The player who has had a recent surge is Ohio State pass rusher Joey Bosa after a little bit of his luster wore off with a slow 40 time at the NFL Scouting Combine last month.

Ravens Need To Start Thinking About Brandon Williams Contract

While the Ravens are wheeling and dealing with this year’s free agents, it wouldn’t be surprising if Newsome already had his eye on some of his top players that are scheduled to hit the market next year.

Perhaps the person that tops that list is defensive tackle Brandon Williams.

“At some point – if it hasn’t happened already – the Ravens figure to at least explore contract extension talks with [Williams] this season,” wrote Zrebiec.

“Williams is entering the final year on his rookie contract, and as one of the NFL’s best nose tackles, he’s ready to cash in.
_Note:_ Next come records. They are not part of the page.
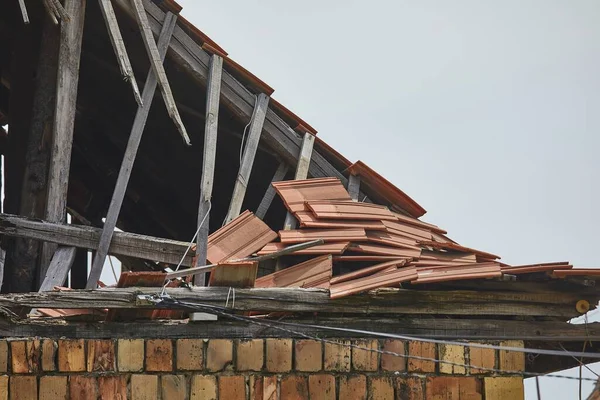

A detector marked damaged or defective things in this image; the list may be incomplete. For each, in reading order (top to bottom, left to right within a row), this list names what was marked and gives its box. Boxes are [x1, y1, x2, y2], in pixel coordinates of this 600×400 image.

broken roof tile [274, 178, 352, 214]
broken roof tile [304, 200, 398, 222]
broken roof tile [205, 211, 278, 264]
broken roof tile [278, 228, 368, 244]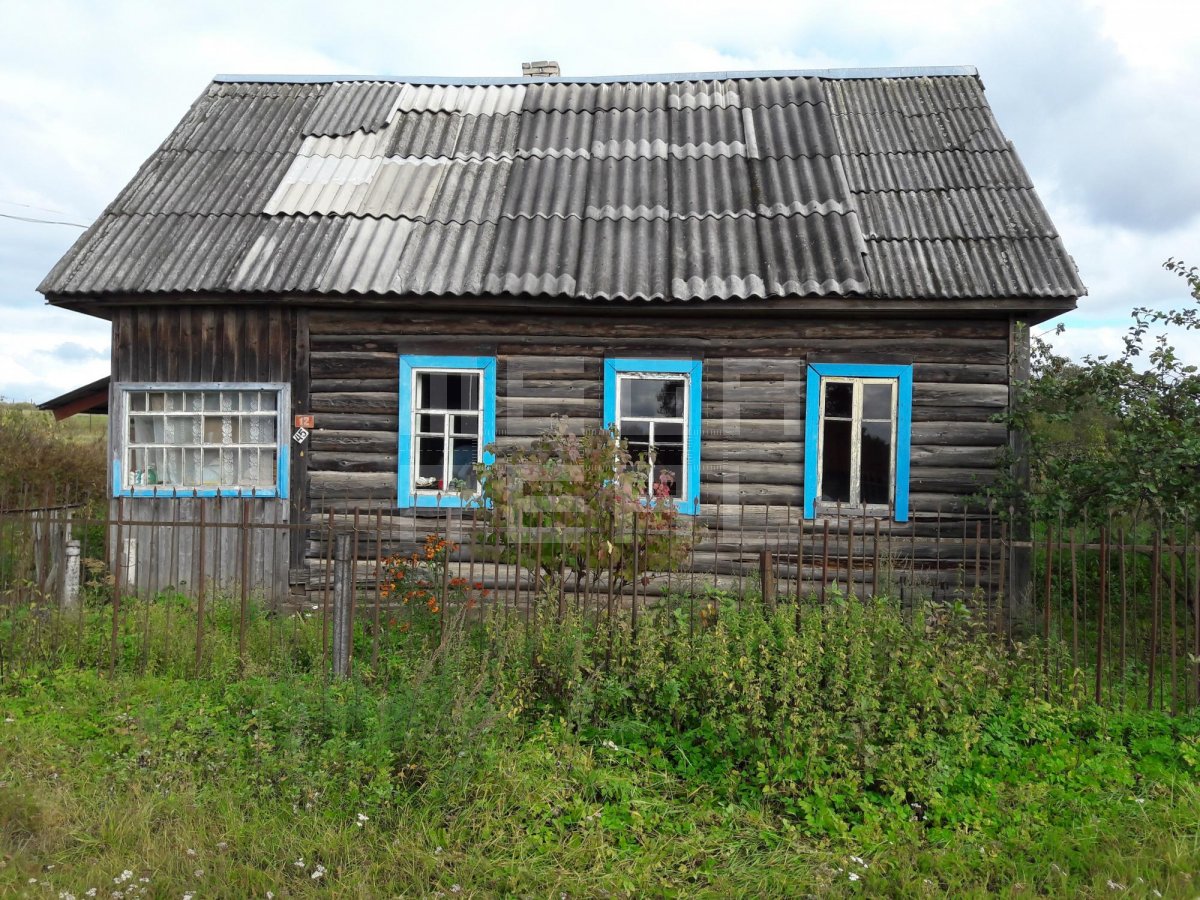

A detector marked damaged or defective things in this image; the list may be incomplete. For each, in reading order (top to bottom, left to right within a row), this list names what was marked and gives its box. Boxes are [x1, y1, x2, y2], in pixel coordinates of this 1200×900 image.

rusty metal fence [0, 492, 1192, 712]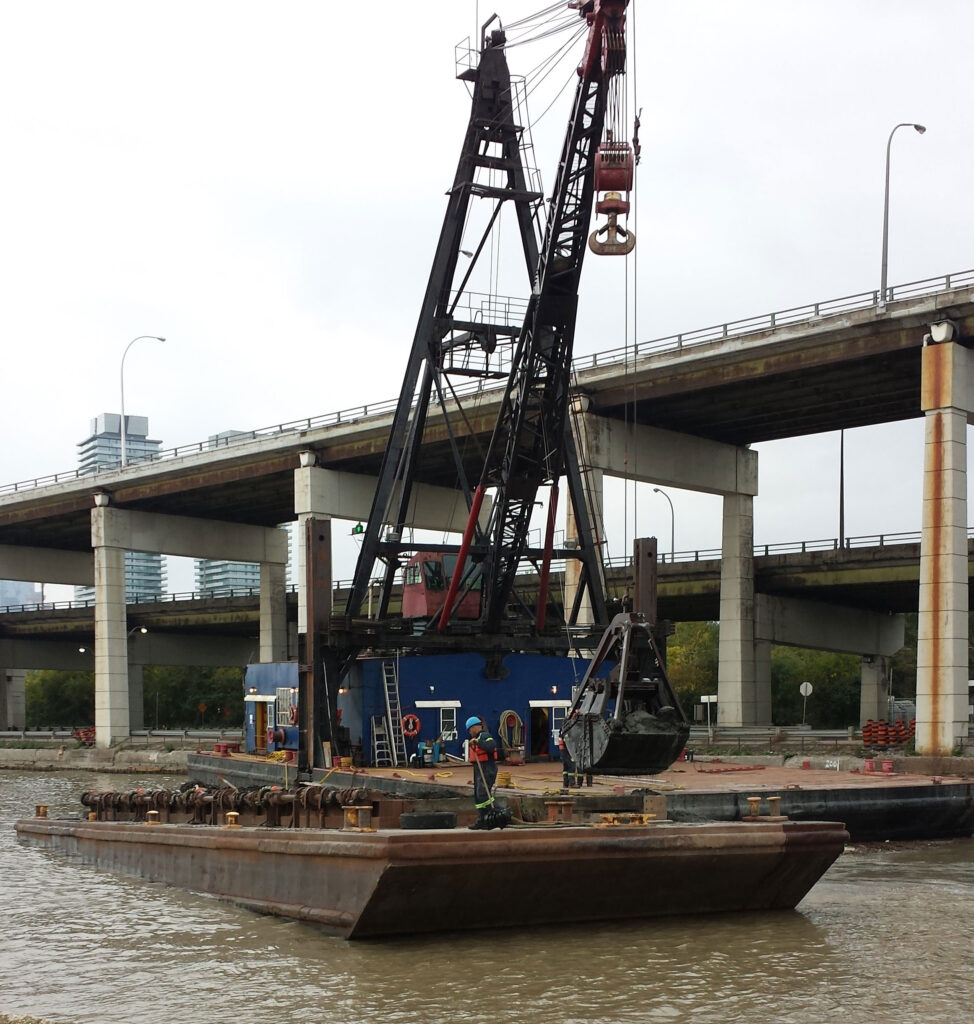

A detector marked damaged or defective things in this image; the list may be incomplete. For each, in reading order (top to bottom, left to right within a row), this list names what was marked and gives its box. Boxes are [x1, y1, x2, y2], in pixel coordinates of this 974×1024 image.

rusty barge hull [17, 819, 843, 937]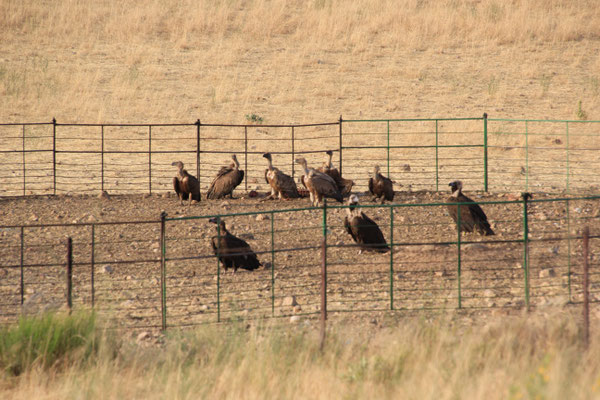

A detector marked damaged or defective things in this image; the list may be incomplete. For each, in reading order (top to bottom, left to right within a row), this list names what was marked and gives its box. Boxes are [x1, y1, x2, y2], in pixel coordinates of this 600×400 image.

rusty fence wire [0, 194, 596, 328]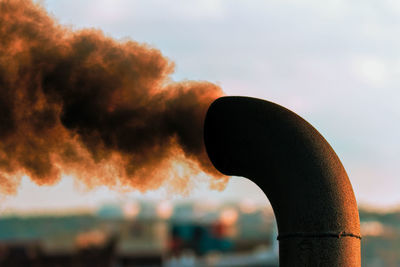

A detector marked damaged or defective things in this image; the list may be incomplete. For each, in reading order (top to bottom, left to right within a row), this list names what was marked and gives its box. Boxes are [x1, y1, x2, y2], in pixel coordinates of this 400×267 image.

rusty metal surface [205, 97, 360, 266]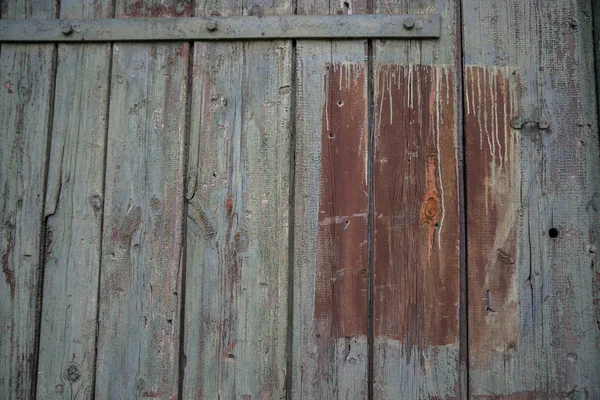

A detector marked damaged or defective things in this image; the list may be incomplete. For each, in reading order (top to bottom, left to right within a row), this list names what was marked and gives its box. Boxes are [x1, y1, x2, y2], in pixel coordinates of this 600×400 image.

rusty metal bar [0, 14, 440, 41]
rust stain [314, 63, 370, 340]
rust stain [376, 63, 460, 350]
rust stain [464, 65, 520, 366]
The Ravens should get a better idea about how much he’ll cost when they see the deals that this year’s top free agent defensive linemen, a group that includes the New York Jets’ Damon Harrison and the San Francisco 49ers’ Ian Williams, get on the open market.”

Cox Earned Five-Year Deal

Baltimore locked up its long snapper for the next five years after it already signed punter Sam Koch to a long-term deal and placed the franchise tag on kicker Justin Tucker.

This was the last move to keep the Wolfpack together for at least this season, and hopefully beyond with the team working on a multi-year deal with Tucker.

“This long-term deal [for Cox] represents a well-deserved reward,” Hensley wrote. “Cox received only a one-year deal last offseason from the Ravens after he tore his anterior cruciate ligament midway through the 2014 season. He proved he successfully came back in 2015 with his first Pro Bowl season.”

Baltimore Colts DB Elmer Wingate Dies

Elmer H. Wingate Jr., 87, who played one season with the Baltimore Colts in 1953, died on Feb. 27 of Alzheimer's disease, according to The Baltimore Sun.

Wingate was also an All-American football and lacrosse player at the University of Maryland. He grew up in the Hamilton neighborhood and attended Baltimore Polytechnic Institute. His father owned a barbershop on Harford Road.

“Mr. Wingate stayed in touch with many former Colts players and later served on a committee that helped bring the statute of Colts legend Johnny Unitas to the entrance of M&T Bank Stadium,” wrote The Sun’s Carrie Wells. “He was inducted into the Maryland State Athletic Hall of Fame in 1997.

“Mr. Wingate played defensive end in the National Football League when the sport was held in less esteem than baseball, five years before the Colts would play what became known as the Greatest Game Ever Played against the New York Giants. He wasn't paid well, and with the arrival of a new baby, Mr. Wingate decided to try a new career working as a salesman for the National Brewing Co., which at that time brewed National Bohemian and Colt 45.”